▶ **Problem to solve**: Give the listing again character for character, but drop the images.

▶ **Supplied material**:
..............................

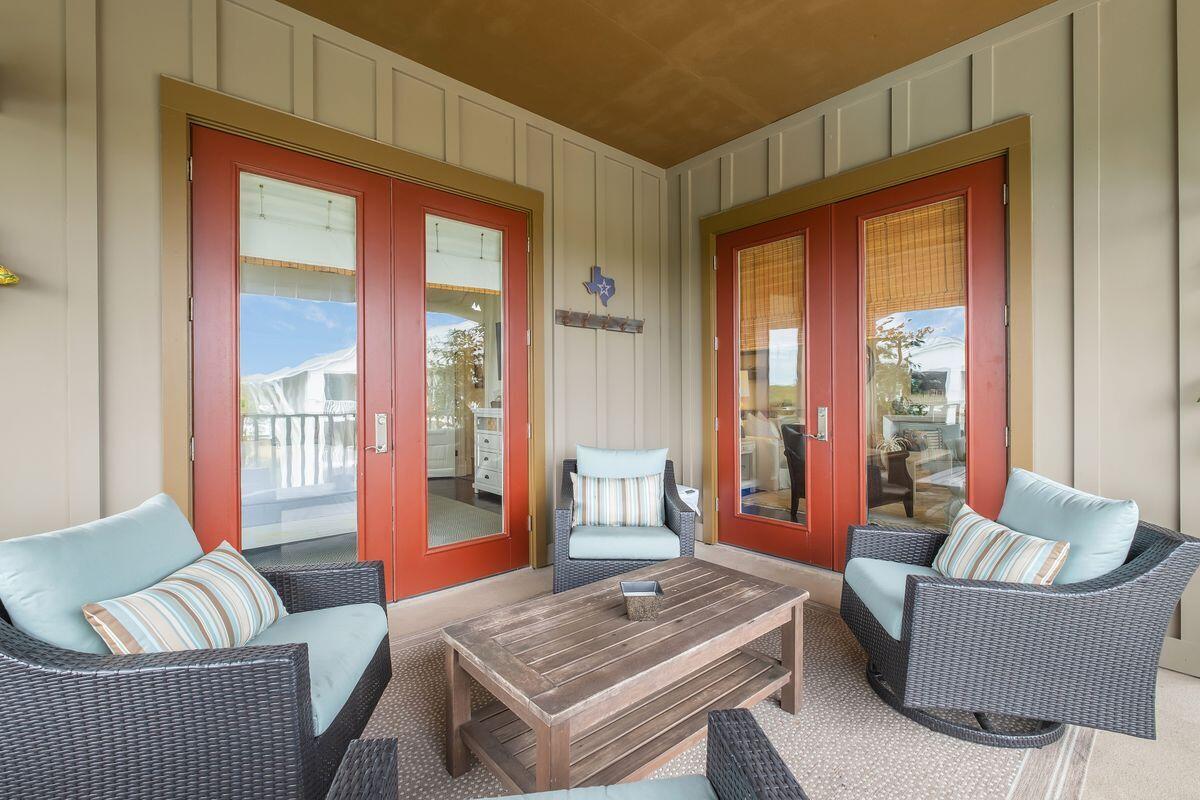 REDFISH VILLAGE - Residential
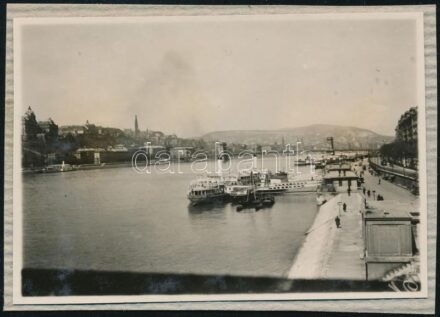 1929 Kinszki Imre (1901-1945) budapesti fotóművész jelzés nélküli, de általa feliratozott, vintage fotója (Rakpart), az egykori tároló album kartonjára ragasztva, 5,6x8,1 cm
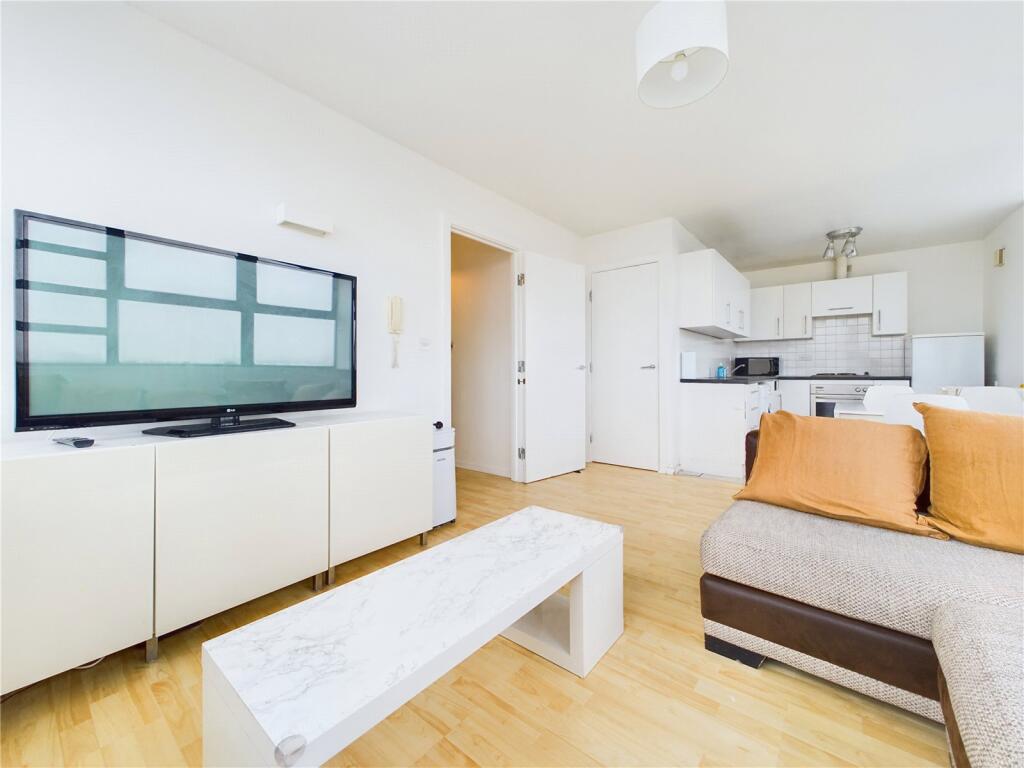 Apartment in London - View 4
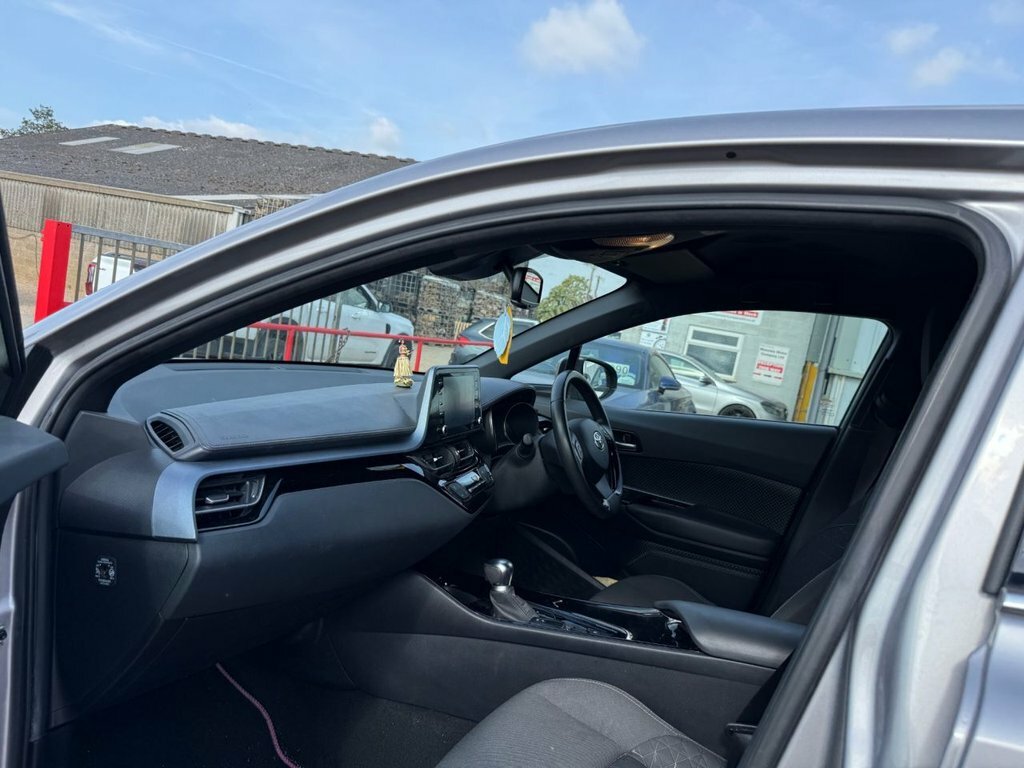 Toyota C-Hr 1.8L Design VK20LLZ Silver #4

..............................

▶ **Exercise response**:
 REDFISH VILLAGE - Residential
 1929 Kinszki Imre (1901-1945) budapesti fotóművész jelzés nélküli, de általa feliratozott, vintage fotója (Rakpart), az egykori tároló album kartonjára ragasztva, 5,6x8,1 cm
 Apartment in London - View 4
 Toyota C-Hr 1.8L Design VK20LLZ Silver #4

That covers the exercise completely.